The brand image of Samsung is predicted to be affected, too. For example, all of the homepages and blogs that previously had the name of Samsung Group are to disappear. Likewise, group-wide social contribution activities are to be discontinued. “Consumers’ loyalty to the single brand of Samsung and its attractiveness felt by investors are likely to decline,” Yonsei University professor Kim Jung-ho remarked.

Executive member appointment, employment, social contribution activities and all the other tasks of the office are scheduled to be handed over to the respective subsidiary companies. Regular recruitment for the first half of this year, which is scheduled for early this month, is expected to be underway by each company. The size of recruitment is forecast to decrease along with the employment of socially disadvantaged persons. The subsidiaries are planning to apply stricter rules to external contributions and donations for transparent management. For instance, money spent for the purposes is subject to board approval when it exceeds a certain amount.

Cooperation with government agencies, the National Assembly and the like is expected to be outsourced to external organizations like law firms after the disbandment of the office.
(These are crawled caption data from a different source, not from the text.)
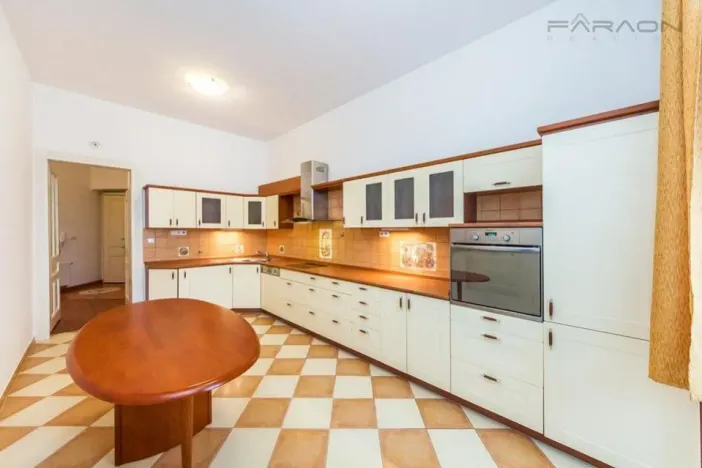 Prodej bytu 4+1, Praha - Smíchov, Na Plzeňce, 150 m2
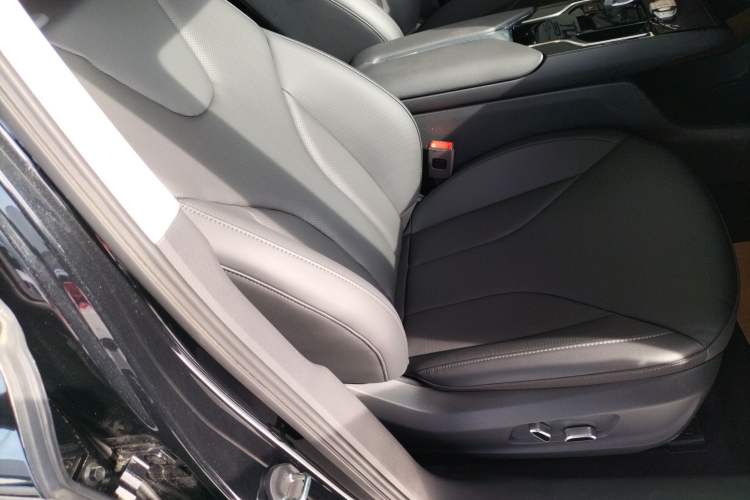 Used Hongqi E-QM5 2022 431 km Charge & Enjoy Edition
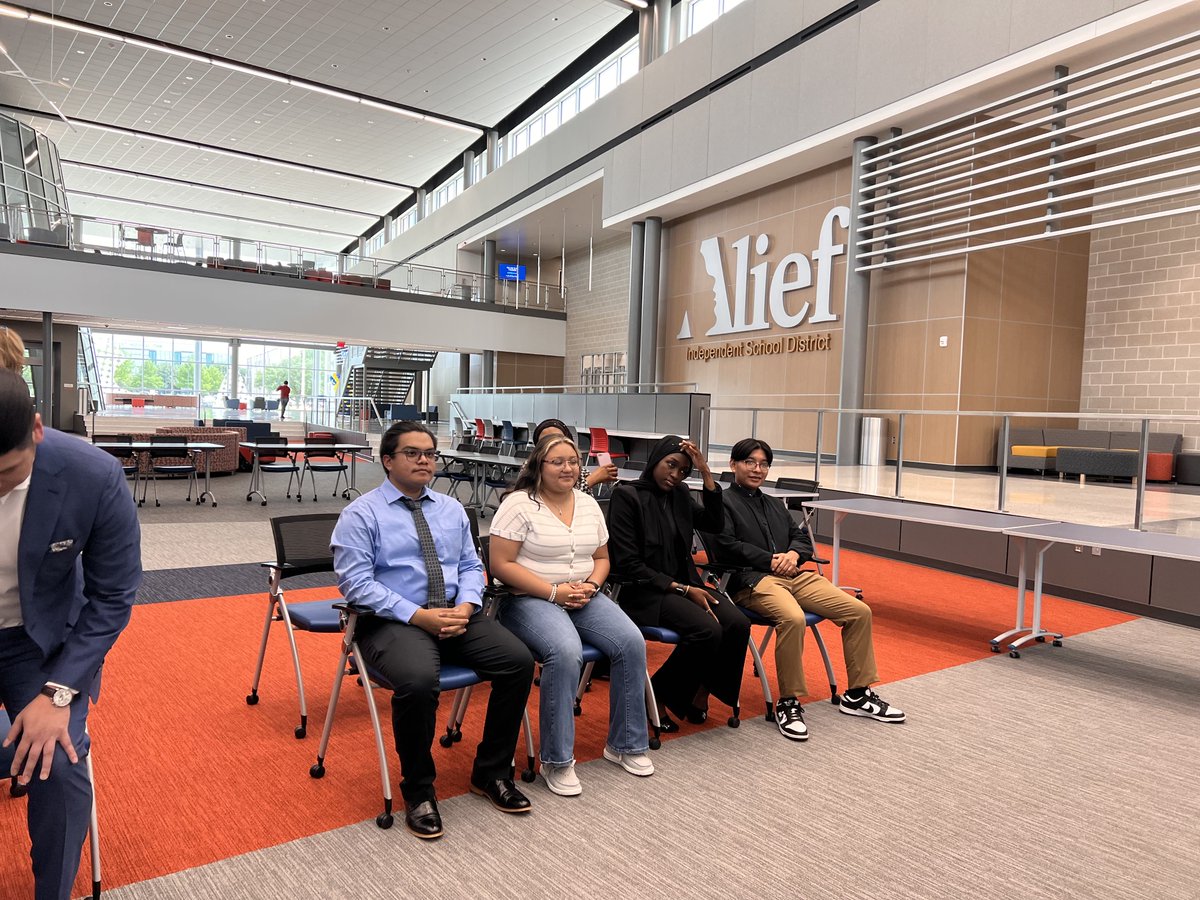 Alief_Career's tweet photo. We had 4 Architecture students receive $1,000 scholarships this week. Ameenat Adisa, Sonia Jacobo, Luis Diaz & Cesar Mejia we are so proud of your achievements! @AliefISD @AliefCTE Alief Independent School District #ChooseAlief #ACACOneTeam https://t.co/frpB6n0dwV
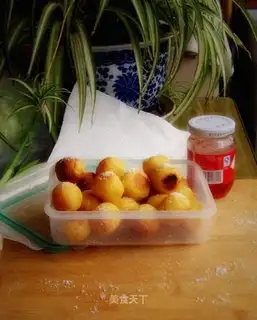 Coconut milk fragrant ball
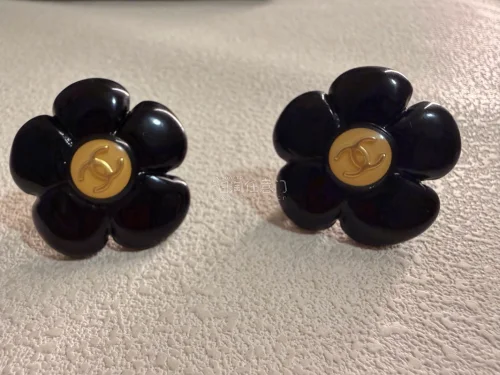 超级可爱的花花耳夹 来自90年代的 保存的好好 成色太棒了 特别好佩戴的款式 超级特别的黑色亚克力材质 
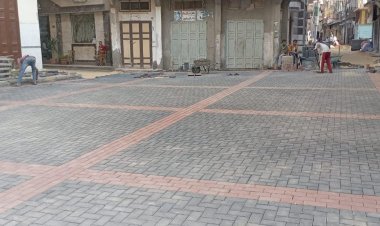 محافظ دمياط تتابع الأعمال الجارية لرصف امتداد الرباعى بالمنطقة القديمة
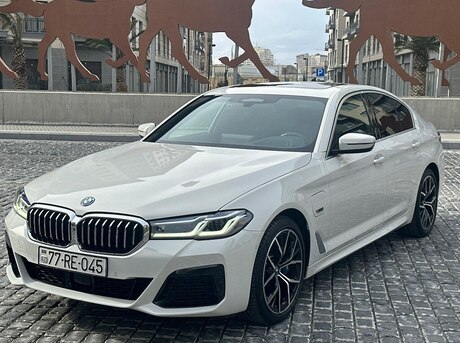 BMW 530e
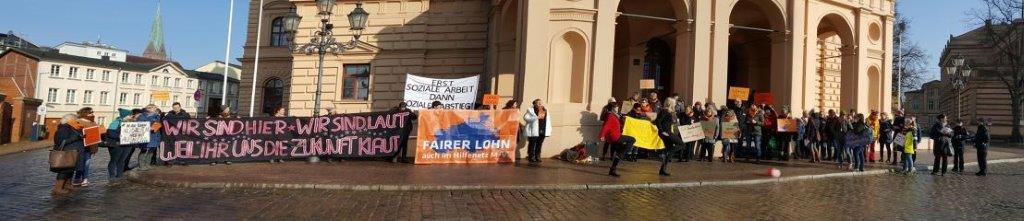 Demonstration des Hilfenetzes anlässlich des Frauentages 2018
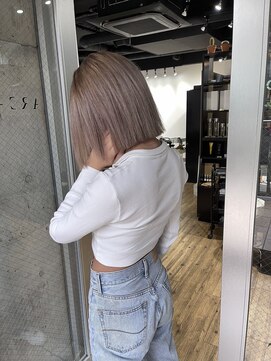 アルカナ 明治神宮前原宿(ARCANA) ホワイトベージュ ミルクティーベージュ ケアブリーチ ボブ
“Positive effects of the removal of the Future Strategy Office in the interest of transparency are beyond doubt and it is also true that some side effects will follow at the same time,” another Samsung executive explained, adding, “It is the subsidiaries’ role to minimize the side effects down the road.”

Change in South Korean Way of Business?

Meanwhile, increasing attention is being paid to how Samsung’s decision will affect the other South Korean conglomerates in that they have benchmarked the top business group for long in many cases. At present, SK, Lotte, Hanwha and many more are running their own bodies that have similar functions as the Future Strategy Office of Samsung.

According to many experts, Samsung’s experiment can be a starting point for a change in their way of business that has continued for more than 50 years. Since industrialization back in the 1960s, South Korean conglomerates have adhered to fleet-type management, that is, the heads and the central bodies leading dozens of subsidiaries under tight control unlike in foreign business groups led by their boards of directors. At the same time, they have received special favors via their organizations in charge of relations with the government.

“At this moment, most South Korean conglomerates are in a transition period when the control is handed over to third- and fourth-generation owners and this handover of the control cannot be smooth in view of huge inheritance taxes,” Hansung University professor Kim Sang-jo remarked, mentioning, “In this regard, their best option is to strengthen the role of the boards of directors and ensure autonomous management by subsidiaries, which Samsung is doing now.” On the contrary, Bae Sang-geun, vice president of the Korea Economic Research Institute, pointed out, “South Korean business groups have prospered by coming up with high-quality products and services based on the combined abilities of multiple subsidiary companies and this business model for achieving efficiency from strong ownership is still valid and effective.”

“The overhaul of Samsung is expected to be imitated and followed by an increasing number of companies in South Korea in the long term,” said an industry insider, adding, “This is because the public is placing an increasing demand on the transparency of management in the ongoing traumatic Choi Soon-sil scandal.”